Images should be omitted while the rest of the data is duplicated exactly.

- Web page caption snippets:
_____
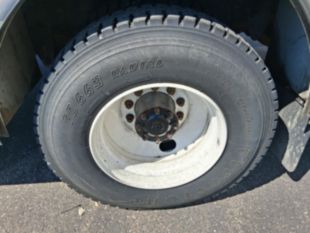 2016 Peterbilt 337  Stellar 10621Crane Equipped Service Truck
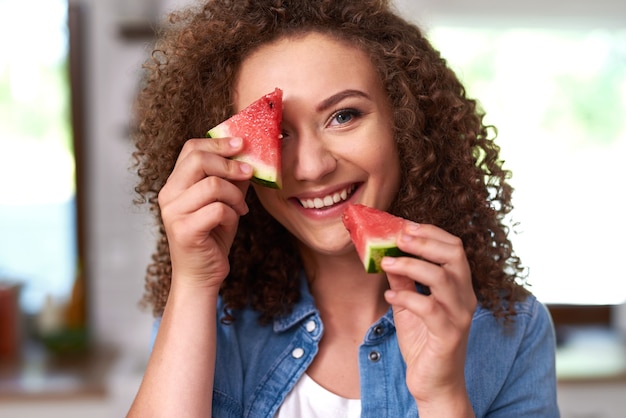 Foto gratuita giovane donna con una fetta di cocomero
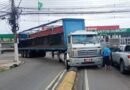 Carreta desgovernada invade contramão e congestiona trânsito na avenida Torquato Tapajós em Manaus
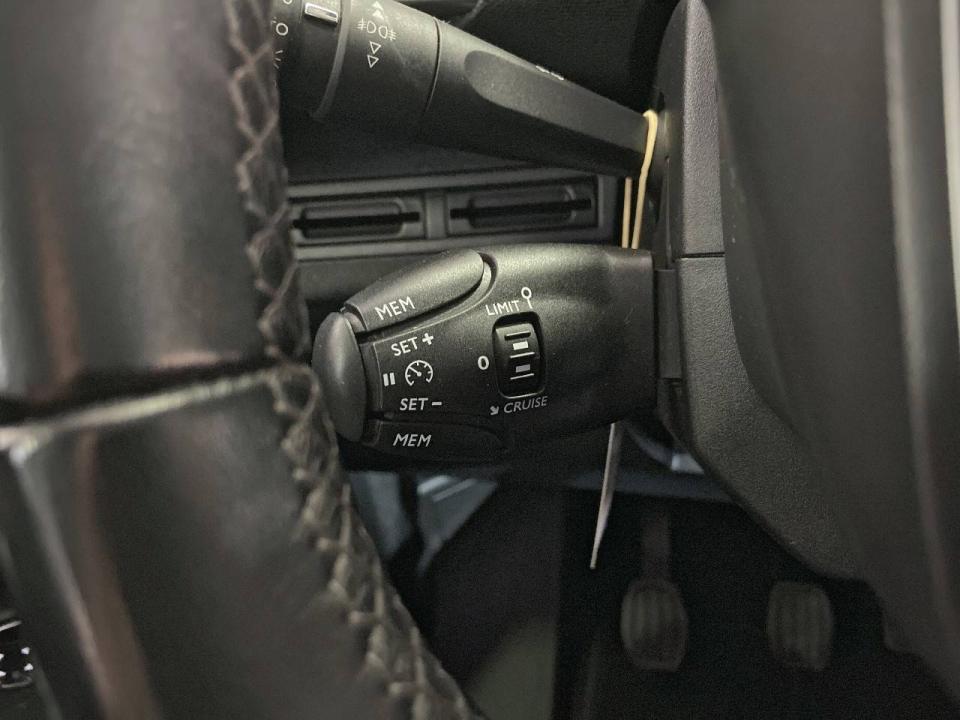 Peugeot 3008 1.2 PURETECH 96KW (130CV) ALLURE S&S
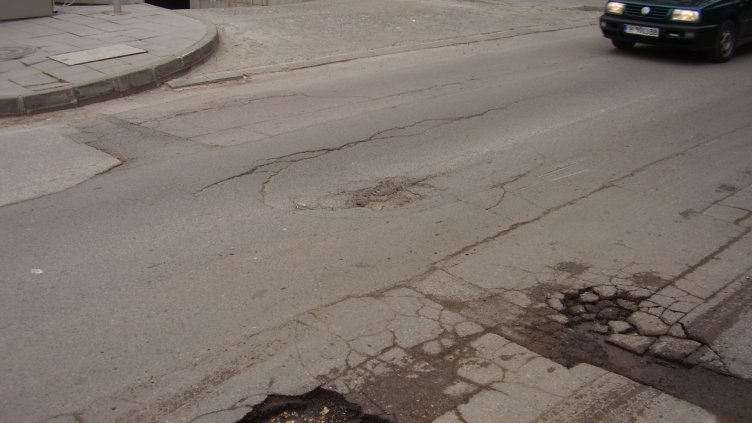 От община Варна обещават пак да ремонтират ул. "Н. Й. Вапцаров"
_____
- Exercise result:
 2016 Peterbilt 337  Stellar 10621Crane Equipped Service Truck
 Foto gratuita giovane donna con una fetta di cocomero
 Carreta desgovernada invade contramão e congestiona trânsito na avenida Torquato Tapajós em Manaus
 Peugeot 3008 1.2 PURETECH 96KW (130CV) ALLURE S&S
 От община Варна обещават пак да ремонтират ул. "Н. Й. Вапцаров"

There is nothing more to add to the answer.